Common Configuration Scenarios in Voice Gateway¶
Kore.ai Voice Gateway offers several essential configuration options to customize and optimize voice interactions. These configurations enable administrators to fine-tune voice interactions, manage response delays, and create more natural conversational experiences across different languages and use cases.
The common configuration scenarios include:
- Speech engine configuration (ASR/TTS) at global, experience flow, and node levels.
- Continuous ASR for handling digit strings and identifiers.
- Bot delay management for response timing.

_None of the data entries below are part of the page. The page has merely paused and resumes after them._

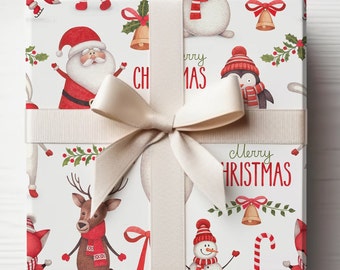 Vintage Christmas Wrapping Paper: Holiday Animals, Santa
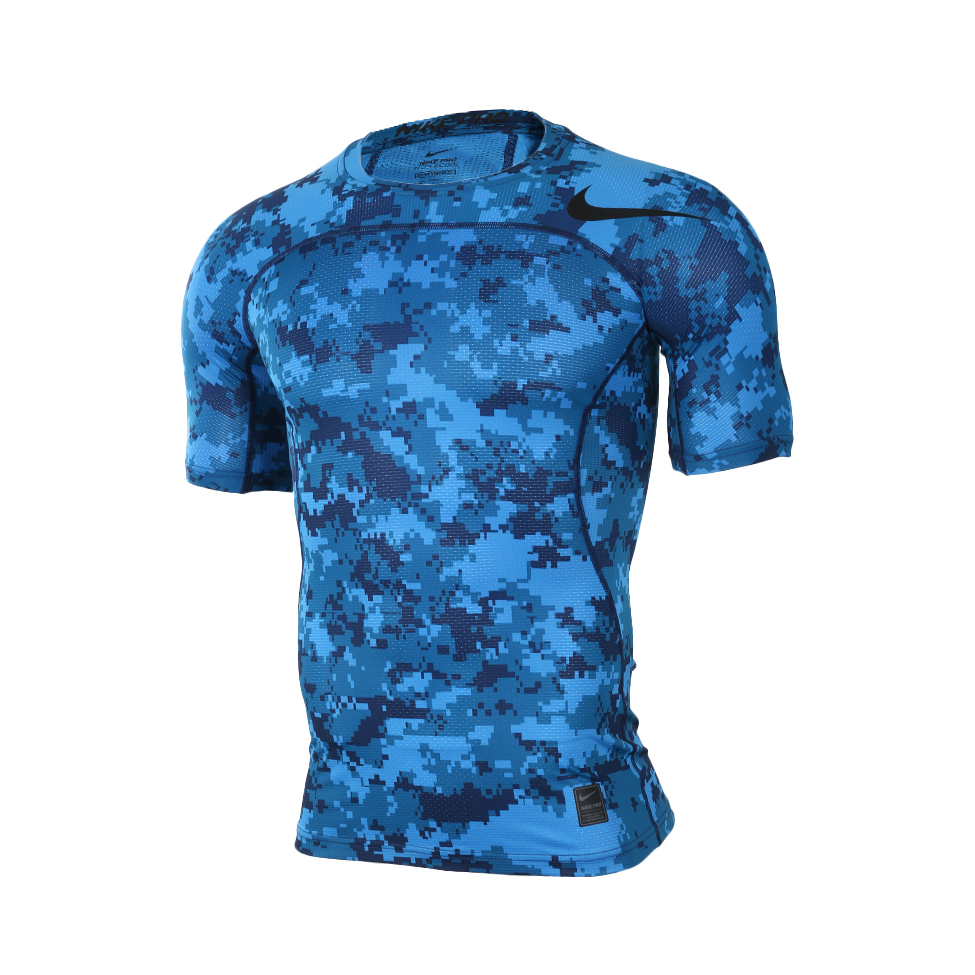 Nike PRO HyperCool迷彩健身速干透气圆领训练篮球短袖紧身衣 828177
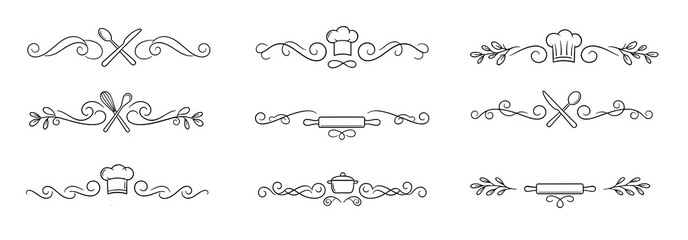 Obraz premium Elegant decorative kitchen dividers with culinary motifs in vintage style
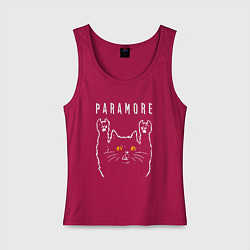 Майка женская хлопок Paramore rock cat, цвет: маджента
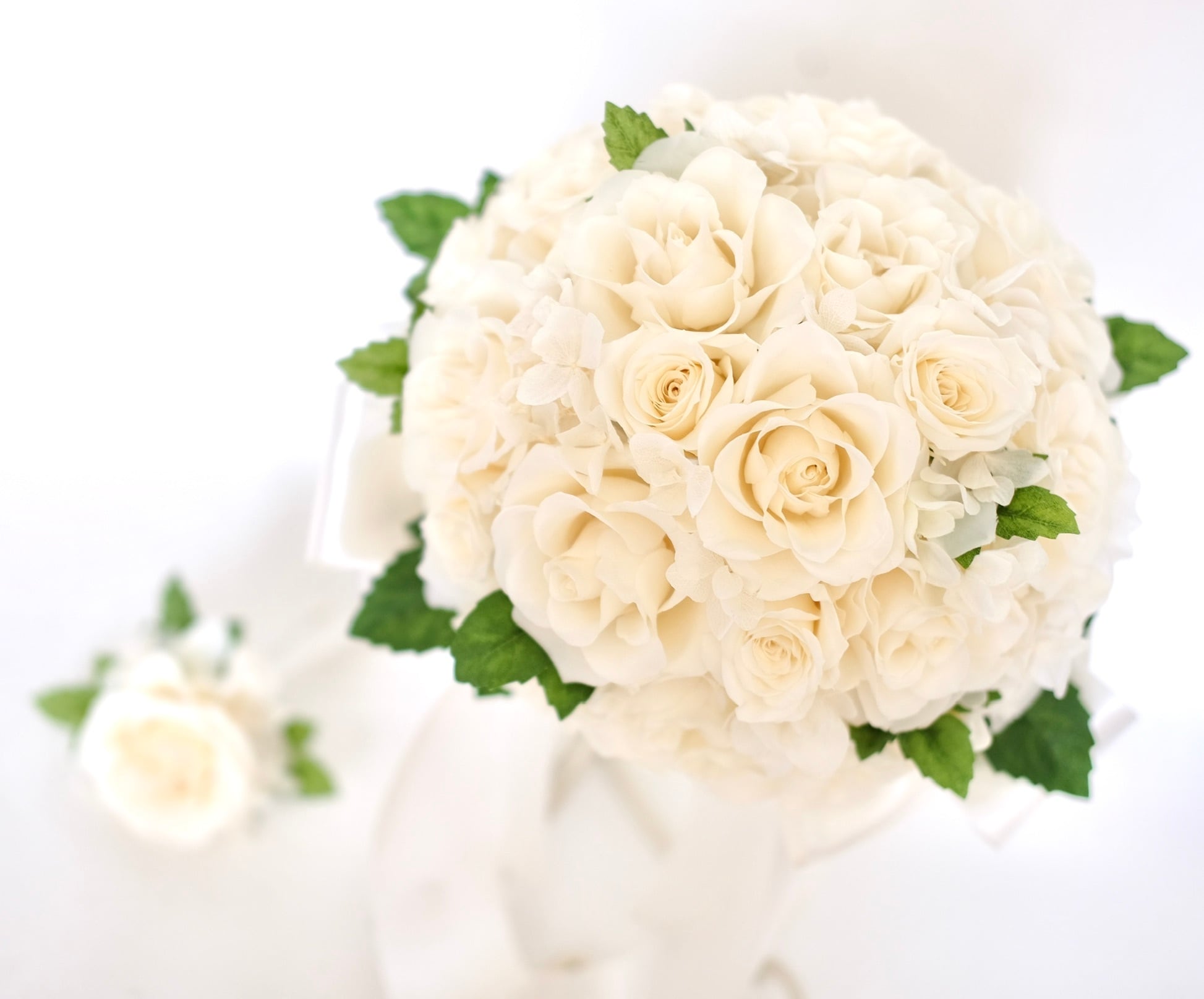 ケース付き】プリザ白バララウンドブーケ | ブライダルフラワー専門店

- Barge-in controls for handling user interruptions.
- Automated language detection for multilingual support.
Configure ASR/TTS¶
Speech Engines (ASR/TTS engines) can be configured at various levels in SmartAssist or the XO Platform.
- Global level (Channel level)
- Experience Flow level
- Node level
Setting ASR/TTS at the Global level
The ASR/TTS engines configured at this level are applicable for all the experience flows (unless a separate speech engine is configured at the experience flow).
Steps to configure ASR/TTS at the global level:
-
Go to CONFIGURATION > SYSTEM SETUP > Language & Speech > Voice Preferences.
-
The Voice Preferences window is displayed. Select the Language from the dropdown.
- Select the Automatic Speech Recognition Engine and the Dialect from the dropdowns.
- Click Show advanced settings and select the Primary and Fallback ASR Configurations.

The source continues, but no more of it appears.